Courrier International, le 23 novembre :

Ségolène Royal exploite consciemment son image de femme respectable et belle, se glisse dans des tailleurs d’une grande élégance qui, si ce ne sont pas des Chanel, en ont tout à fait l’air, chausse tous les jours des talons bien hauts et croise les jambes. Une image traditionnelle et très féminine qui coupe l’herbe sous le pied à la misogynie traditionnelle. Et c’est peut-être ce qui la rend plus insupportable encore. Car on est bien loin du stéréotype macho de la féministe scandaleuse, mal fagotée et transgressive. Même si elle l’est.

The Daily Telegraph, le 21 novembre :

Si Dieu existe, alors on peut sans doute dire que la culture politique en France est ce qu'Il a donné à ce pays pour équilibrer tout ce qu'il a à offrir par ailleurs.
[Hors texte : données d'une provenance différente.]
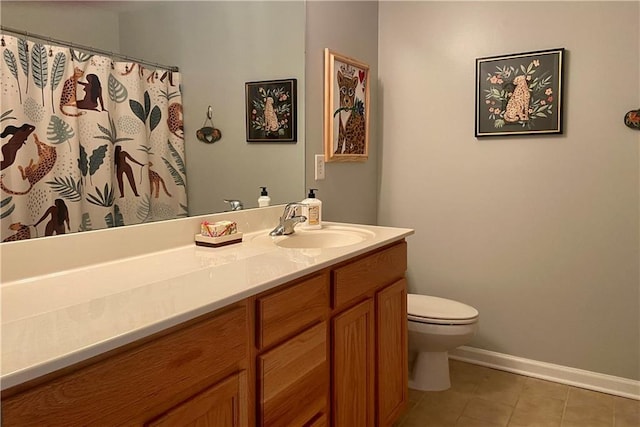 bathroom featuring tile patterned flooring, baseboards, vanity, and toilet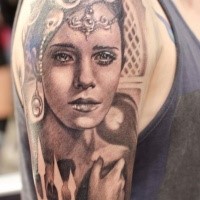 Black ink awesome looking shoulder tattoo of beautiful woman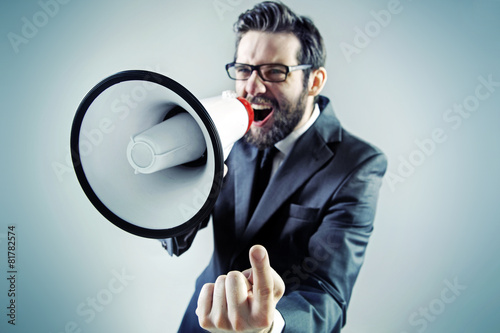 Agressive businessman yelling over the megaphone photo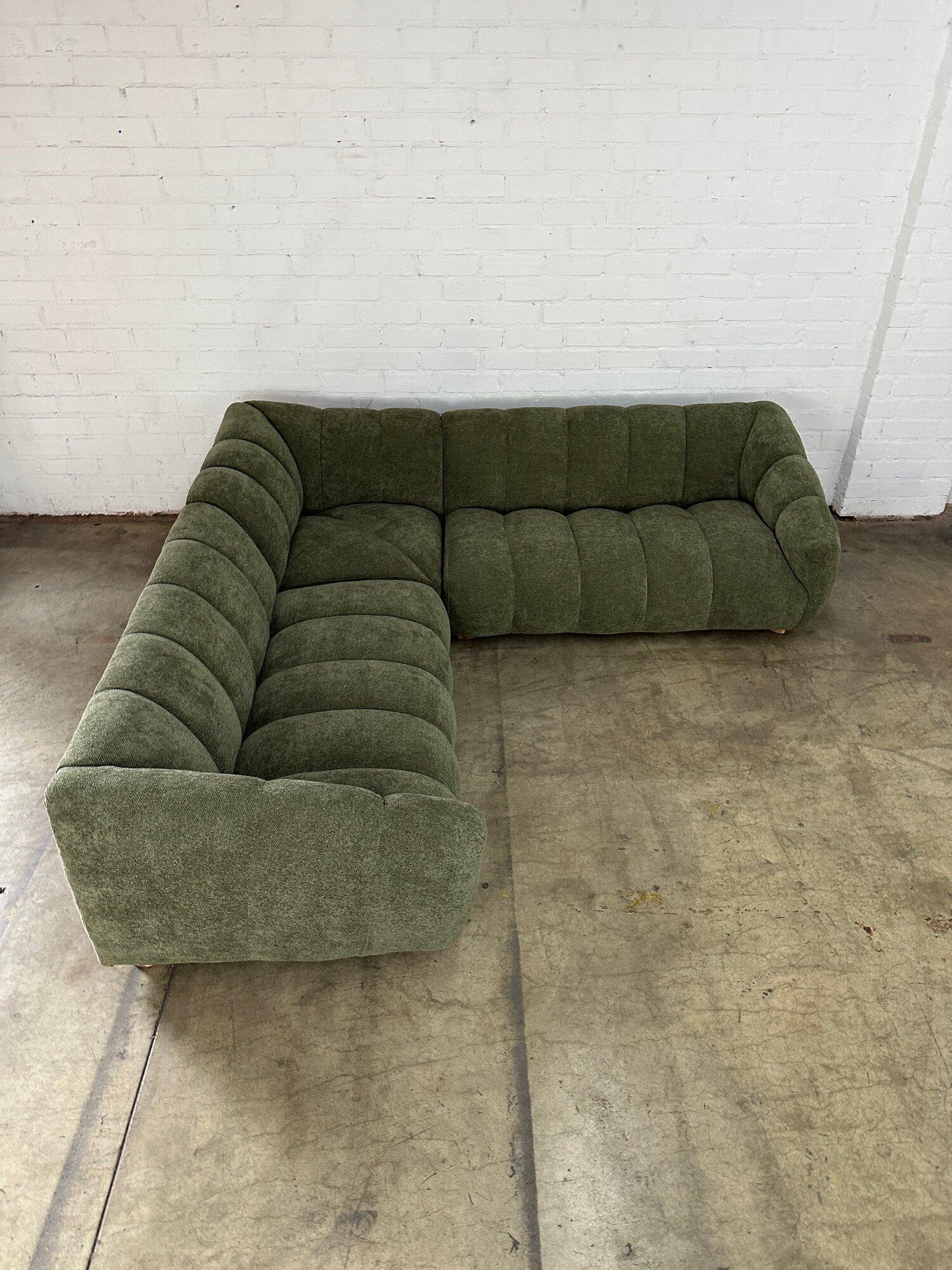 W96 D96 H26 SW75 SD24 SH13 AH22

Handcrafted sectional sofa made from scratch in house. Each unit is completely modular and feature both feather and foam for great comfort. Item has green nubby boucle and sit on low solid white oak legs. Price is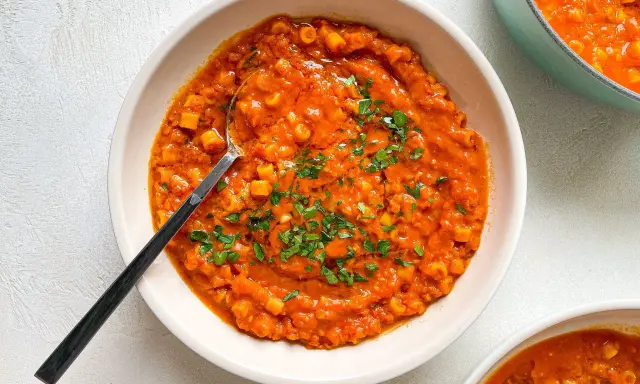 A bowl of creamy red lentil soup with small pasta and parsley, with a spoon.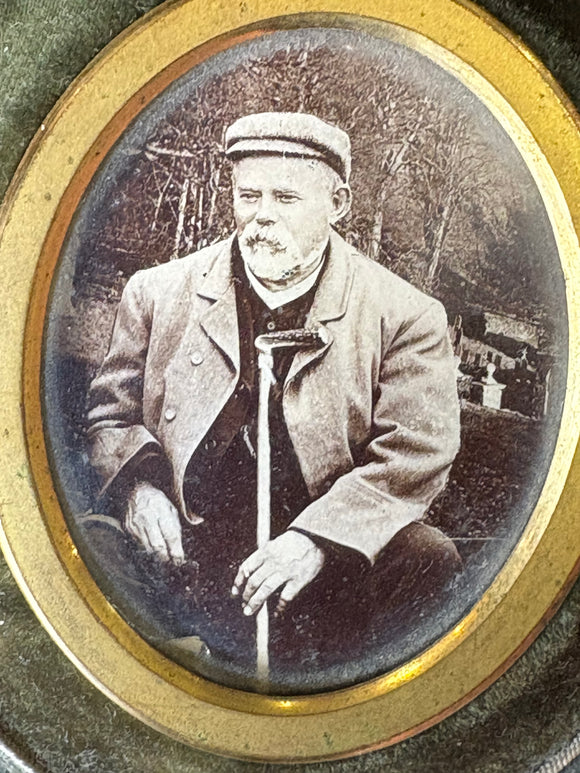 Vintage photograph of a person holding a cane, framed with gold trim.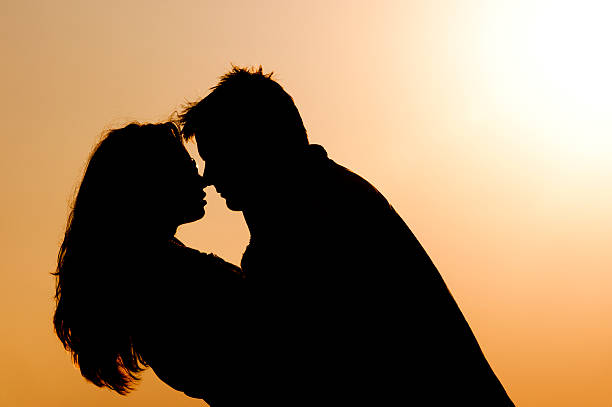 istock silhouette young couple in love 131475862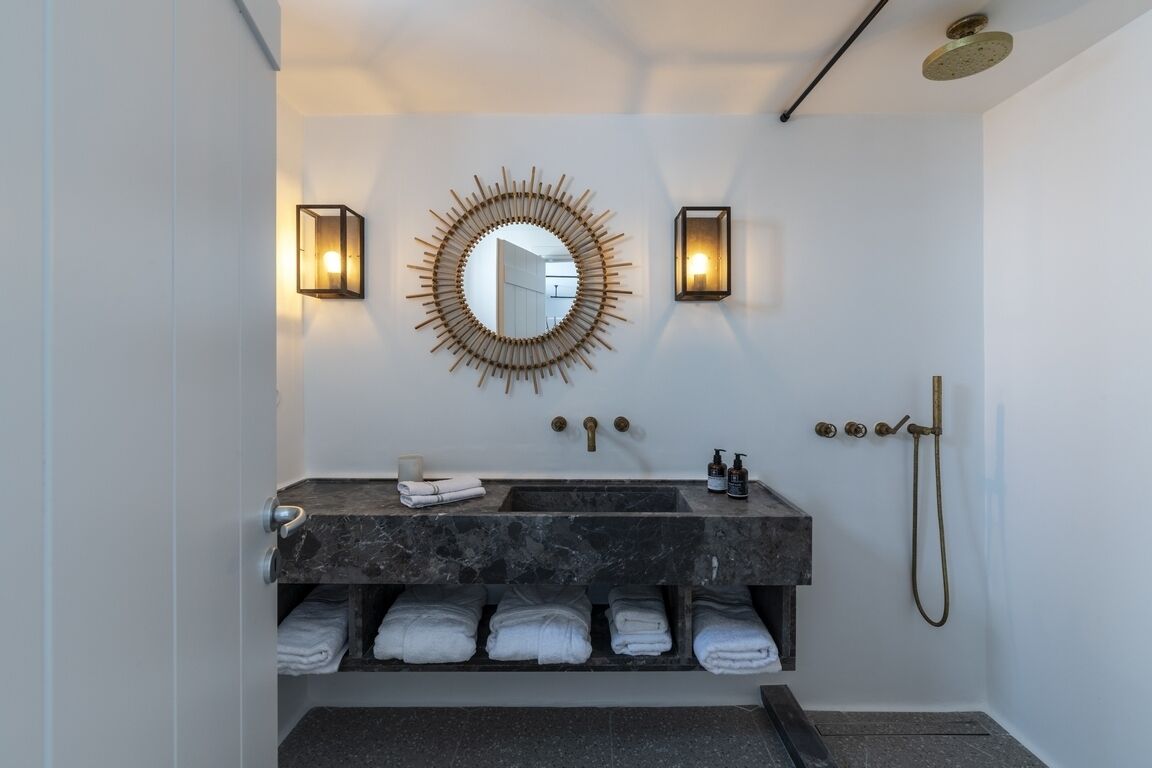 A modern bathroom with a marble sink, a sunburst mirror, wall-mounted lights, a shower, and neatly folded towels.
D'un côté vous avez la Côte d'Azur, les cathédrales de Reims et Chartres, Dom Perignon, Haut-Brion, le foie gras d'oie, Proust, Ravel et Brigitte Bardot. En face se trouvent les politiciens français, une bureaucratie sclérosée dont les tentacules s'étendent jusqu'aux plus bas échelons de la vie communale, et une économie encore figée dans les années 60 ultra-corporatistes.
Il est clair que si en mai prochain le peuple français élisait Madame Ségolène Royal à la présidence, rien ne changerait. Ceci n'est évidemment pas le point de vue de Mme Royal et de ses sbires.
Gagnera-t-elle ? Probablement. Un peu comme notre propre chef de l'opposition, Mme Royal a amplement capitalisé sur son image, sur le jeu des relations publiques, couplé à une absence presque totale de vue politique. Ces éléments ne l'empêcheront pas forcément de devenir présidente d'un pays troublé, dans lequel la colère gronde chaque jour plus fort, et qui veut du "changement".
Malheureusement, elle ne peut pas en proposer.
Ceci nous amène à parler de celui qui sera vraisemblablement l'adversaire de Mme Royal, à savoir Nicolas Sarkozy. "Vraisemblablement" parce que l'UMP ne désignera officiellement son candidat qu'en janvier. La haine vis-à-vis de M. Sarkozy est encore plus forte au sein de son propre parti que parmi ses adversaires. La dernière contribution du premier ministre Dominique de Villepin à la campagne de M. Sarkozy a été de l'avertir de "ne pas pêcher dans les eaux du Front National".
M. Sarkozy est partisan d'une réforme économique radicale, il veut ce qu'il appelle une "rupture" avec le passé récent. Beaucoup en France trouvent ceci attirant, quoique terrifiant. Si M. Sarkozy est élu et fait ne serait-ce que la moitié de ce qu'il a annoncé, attendez-vous à des émeutes dans les banlieues, des grèves, des barricades, le temps que la France se décide ou non à entrer dans le 21è siècle.
M. Le Pen est l'inconnue de cette élection. Il doit encore acquérir les signatures nécessaires pour se présenter, mais ses résultats dans les sondages ont récemment progressé. Sa participation au second tour est-elle exclue ? Non, parce que les deux autres candidats sont susceptibles de s'auto-détruire. M. Sarkozy est le moins vulnérable, grâce à son pouvoir sur les media, à sa plus grande expérience, et à ses qualités de combattant ; mais un parti divisé pourrait le desservir. Cependant, il ne fera probablement qu'une bouchée de Mme Royal, mettant à nu son inexpérience, son manque de pensée politique. Si c'est le cas, le déclin de celle-ci pourrait alors être aussi rapide que son ascension.
Et plus nombreux seront alors ceux qui pêcheront dans les eaux du FN que ne l'imaginait M. de Villepin.